Q6: Business Rules and Enterprise Architecture
Question: What role should business rules play in enterprise architecture?
Reverse-engineering business rules from legacy systems accurately and fully is virtually impossible. The original business intent is simply lost. Reconstruction of business logic has been tried time and time again, often aided by automated tools, but measured against time and cost, has seldom achieved satisfactory results. What a waste!
The solution is simply to stop hard-coding business rules into procedural languages. Rules will change and they will be needed for new business initiatives and platforms. The opportunity costs of continuing to follow traditional practices - not to mention the 'maintenance' costs - are simply too great. The alternative is applying rule technology that can support rules expressed in more natural (declarative) form.
The Manifesto summarizes the principle as follows ...

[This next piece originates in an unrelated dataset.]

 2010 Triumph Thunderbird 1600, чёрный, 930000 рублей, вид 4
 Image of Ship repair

6.2. Executing rules directly - for example in a rules engine - is a better implementation strategy than transcribing the rules into some procedural form.

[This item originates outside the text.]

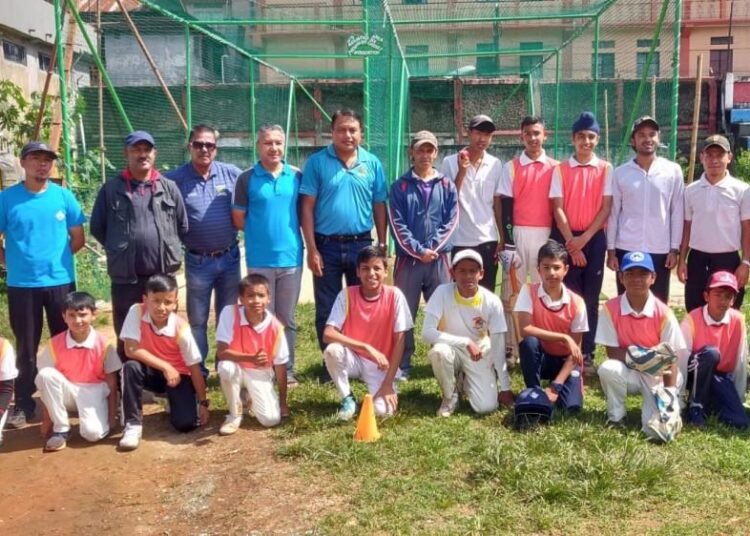 MCA inaugurates practice nets at St Anthony’s Higher Secondary School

With computing power so vastly improved, there is less and less reason every day to support business rules using procedural languages. Why are we still programming the evaluation of rules ourselves?! Just as a DBMS removes data management as an application concern, so too does a rule technology for the evaluation of rules.
A related issue is compliance - not just regulatory compliance, but compliance with contractual obligations, deals, agreements, licenses, warranties, and so on. If you want to delight customers, keep your commitments.

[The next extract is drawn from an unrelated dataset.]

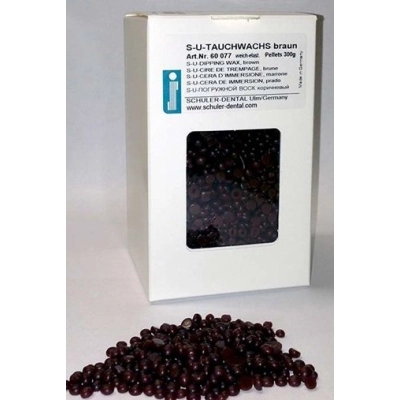 Воск погружной коричневый по М. Н. Польцу S-U-Tauchwachs (гранулы, 300 г)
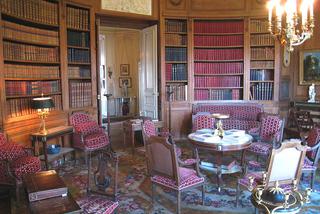 Styl Ludwika XVI: biblioteka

To demonstrate compliance you must be able to determine how your systems actually got the outcomes they did. That way, if there's a mistake you can correct it. The Manifesto states the principle as follows ...
6.3. A business rule system must always be able to explain the reasoning by which it arrives at conclusions or takes action.
Today, demonstrating compliance is a largely hit-or-miss affair, always after the fact. Does it have to be? No! Just as a DBMS logs all transactions, a state-of-the-art enterprise architecture is one that logs the specific rules used to make evaluations and decisions. Compliance based on rules can and should be built-in.